LAN stops working every now and then

Not that long ago I bought WR1043NDv4 and installed LEDE 17.01 stable on it. Everything seems to be working great except one thing. LAN stops working every now and then. There is no internet, no local network. I can't access webpages or other devices on the same network.

I just had an incident a few minutes ago and to my surprise the logs are clean. Nothing unusual is happening there. The syslog and dmesh are clean, no new unusual entries. During the outage I can't access services on other computers, networked hard drives or router configuration page (LuCI). SSH doesn't respond either. The only indication it happened is less space on storage after logging into the router through SSH and checking df.

The outage seems to be correcting itself after a few minutes. Anyone noticed something similar on your devices?

3 Likes

First check the involved clients if they still have their IP addresses and routes set, as this would be the most likely cause of problems (not renewing the DHCP lease correctly, if that actually is the case, testing more current development snapshots could be a way out).

Other than DHCP woes, the problems you describe generally shouldn't happen, as the router's switch should more or less be configured to pass everything on undisturbed between the LAN ports, so even if the router's OS would get stuck, the switch should remain in its previously configured state... What could result in very similar behaviour would be either loops between LAN segments or faulty devices 'reflecting' some/ most of the packets going by (e.g. years ago I had a switch exposing that behaviour whenever it lost power/ was switched off), which could effectively drown the network with useless packets. Therefore it would make sense to reduce your network down to just two clients connected directly to your LAN ports, check if the problems are gone and then carefully restoring the whole networking infrastructure piece by piece, to eventually pinpoint a potentially broken participant (could be a client's network card, some rogue dumb switches or APs or even some semi-broken (patch-) cable). If you're familiar with network sniffer like wireshark, this might also help to cut down your experimenting.

Keeping in mind that your device is relatively new to market and remembering the recent thread about NAT leakage on TL-WR1043ND v4 could also imply a more general problem with initializing the particular switch chipset used in your router. Also give the vlan setup a quick sanity check.

The router in question was working for less then 6h and DHCP leases are set to expire in 12h.

During the most resent bug occurrence only one device was connected to the network. It's an older netbook working 24/7. It was there on the previous router so I don't think it's the culprit. It is a 100Mb/s device so it's affected by this bug: https://forum.openwrt.org/t/tp-link-wr1043nd-v4-issue/
Can the bug discussed in the thread linked above cause this issue?

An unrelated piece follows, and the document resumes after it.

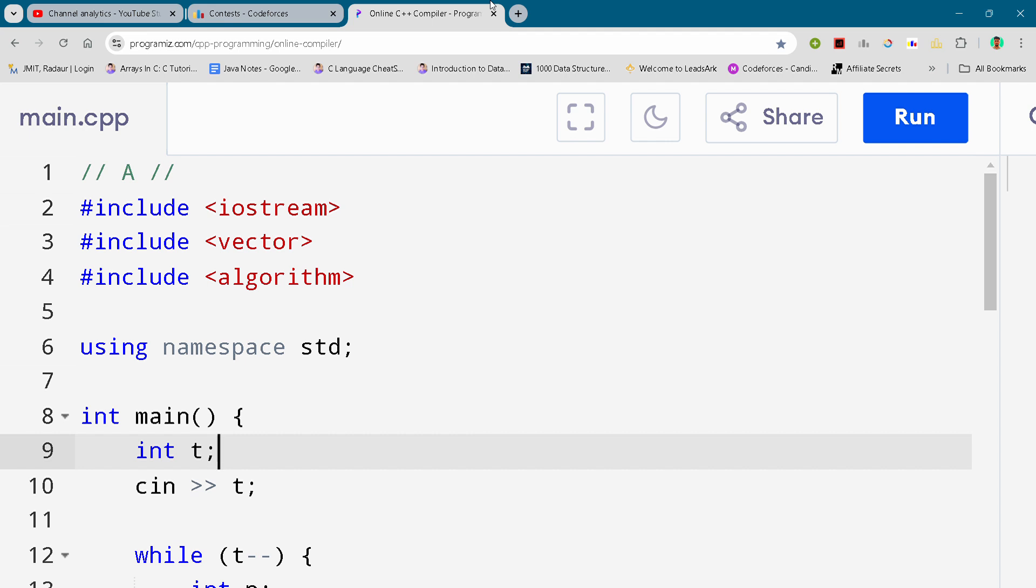Hey guys, I'm back with another Codeforces educational round. In this video I will be giving you the solution for problem number A. By the way, if you want to copy this code and all the code of this contest, you can join my Telegram channel.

I think this was a LEDE problem in general and it was fixed by adding a rule to firewall. I have this rule added in my configuration but the problem persist with or without it.

What do you mean? I didn't change the vlans. I have the default one untouched.
I can provide my configuration files here if this would help.

DHCP clients usually try to renew their lease after half the DHCP lease time.

So let's say there is a problem with dnsmasq. How do I fix this or at least conform it?
Would you like to see my config?

As mentioned before, you need to check the situation on your connected clients first.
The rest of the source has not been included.